Introduction to linear algebra
Table of Contents
1 Multidimensional arrays
The foundation of linear algebra in Python is in multidimensional arrays.
import numpy as np
We make multidimensional arrays by using lists of lists of numbers. For example, here is a 2D array:
A = np.array([[1, 2], [3, 4]])
We can find out the shape of an array, i.e. the number of rows and columns from the shape attribute. It returns (rows, columns).
A.shape
(2, 2)
1.1 Constructing arrays
You can always make arrays by typing them in. There are many convenient ways to make special ones though. For example, you can make an array of all ones or zeros with these:
np.zeros(shape=[3, 3])
array([[0., 0., 0.], [0., 0., 0.], [0., 0., 0.]])
np.ones(shape=[3, 3])
array([[1., 1., 1.], [1., 1., 1.], [1., 1., 1.]])
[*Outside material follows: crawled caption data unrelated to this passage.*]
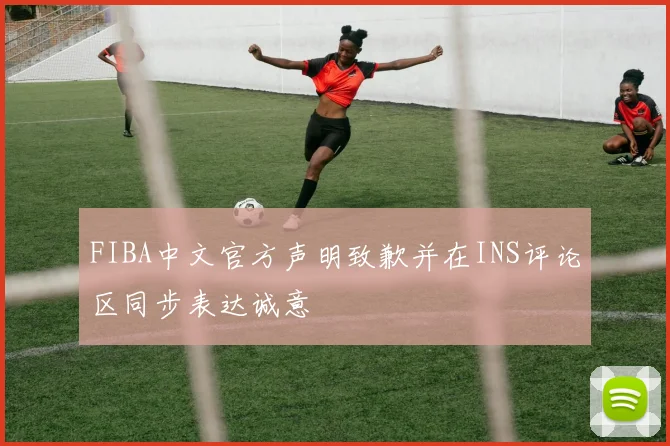 FIBA中文官方声明致歉并在INS评论区同步表达诚意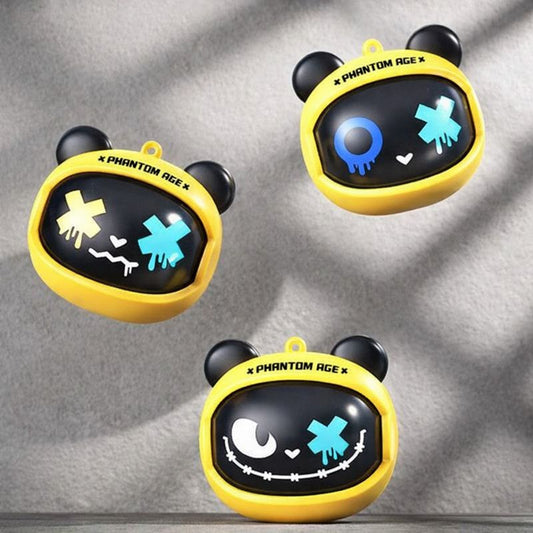 🎧 T20 Face Change Edition – Bluetooth Earbuds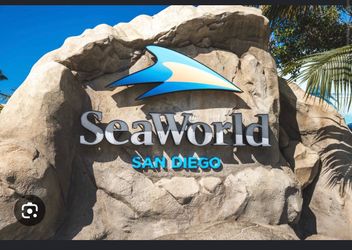 Seaworld San Diego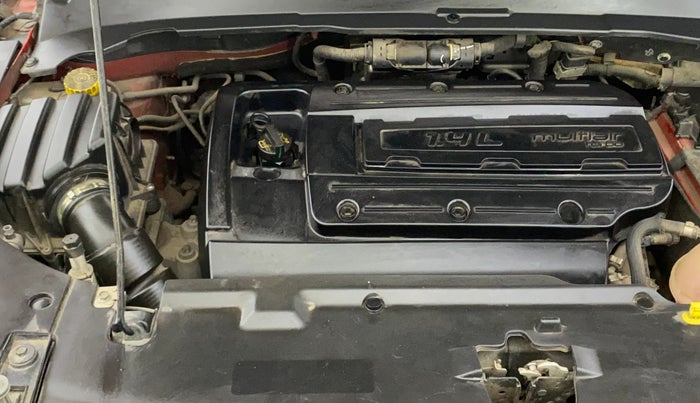 2018 Jeep Compass SPORT 1.4 PETROL, Petrol, Manual, 1,03,341 km, Engine View - Right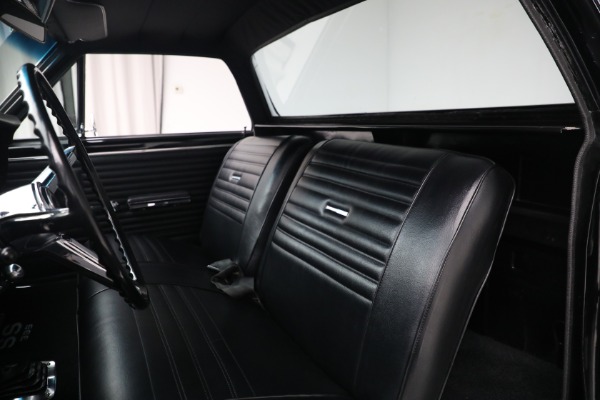 Used 1967 Chevrolet El Camino for sale $54,900 at Bugatti of Greenwich in Greenwich CT 06830 19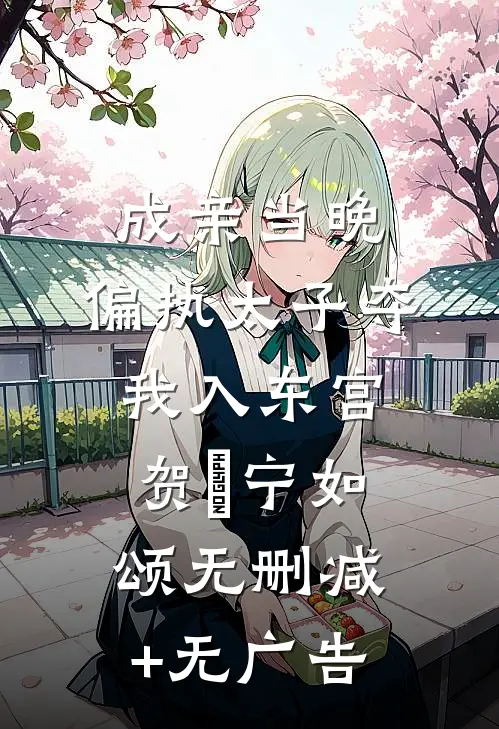 成亲当晚，偏执太子夺我入东宫贺玥宁如颂无删减+无广告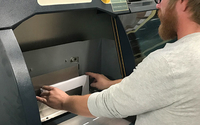 Bindery Services by Printing Services Inc - 2 Friends Printing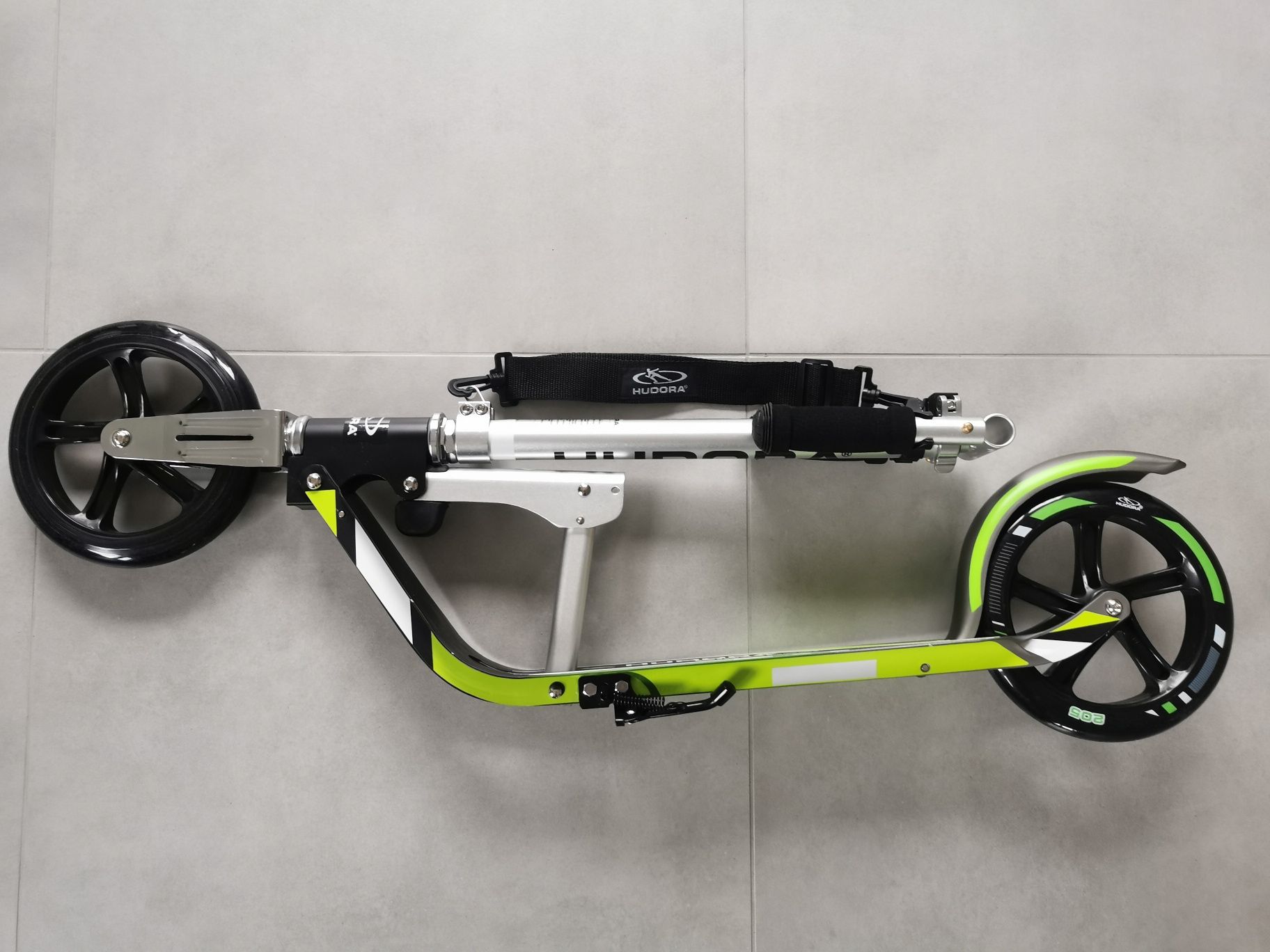 Hulajnoga Hudora BigWheel 205  Składana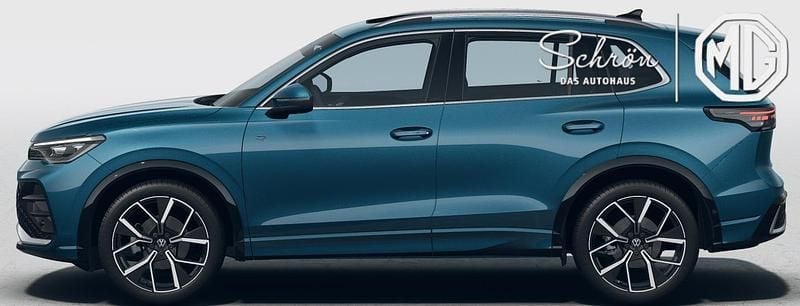 Neu 2025 VW Tiguan R-line SUV | 49.321 € (Superpreis) - Bild 1/4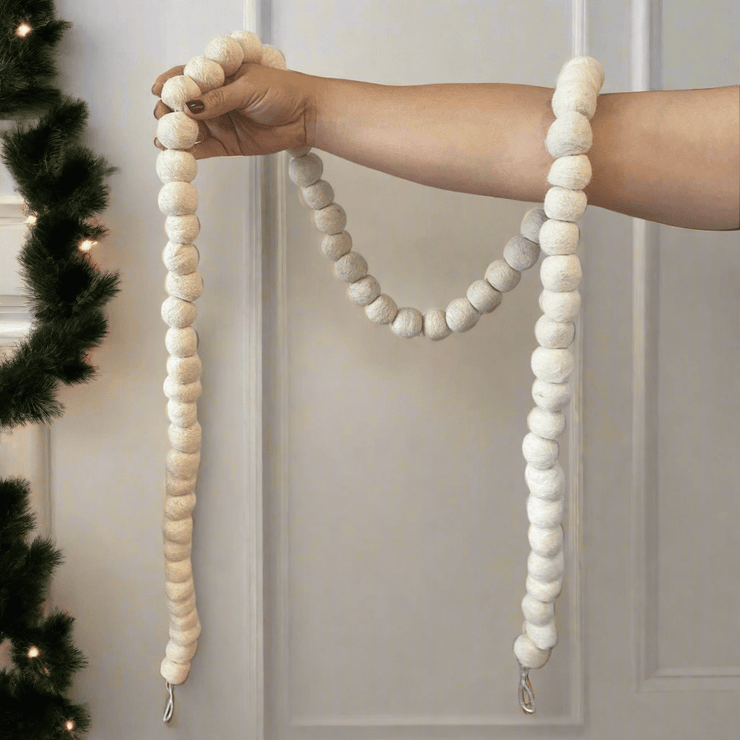 Guirnalda Pompon - ambientihonduras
You can make an identity matrix with:
np.eye(N=3)
array([[1., 0., 0.], [0., 1., 0.], [0., 0., 1.]])
or a diagonal array:
np.diag([1, 2, 3])
array([[1, 0, 0], [0, 2, 0], [0, 0, 3]])
If you need a lower triangular array:
np.tri(3)
array([[1., 0., 0.], [1., 1., 0.], [1., 1., 1.]])
1.2 Regular Algebra with arrays
It takes some getting use to how to use arrays with algebra.
1.2.1 Addition and subtraction
Let's start with addition and subtraction. A good rule to remember that you can add and subtract arrays with the same shape.
B = np.ones(A.shape)
A + B
array([[2., 3.], [4., 5.]])
A - B
array([[0., 1.], [2., 3.]])
This is an error though because the shapes do not match.
C = np.array([[0, 0, 1], [1, 0, 0]]) A + C
ValueErrorTraceback (most recent call last) <ipython-input-11-0cf6976d378f> in <module> 2 [1, 0, 0]]) 3 -—> 4 A + C
ValueError: operands could not be broadcast together with shapes (2,2) (2,3)
Note, however, that this is ok. This feature is called broadcasting. It works when the thing you are adding can be added to each row.
C + [2, 2, 2]
array([[2, 2, 3], [3, 2, 2]])
Exercise Use some algebra to get an array that is ones above the main diagonal, and zeros everywhere else.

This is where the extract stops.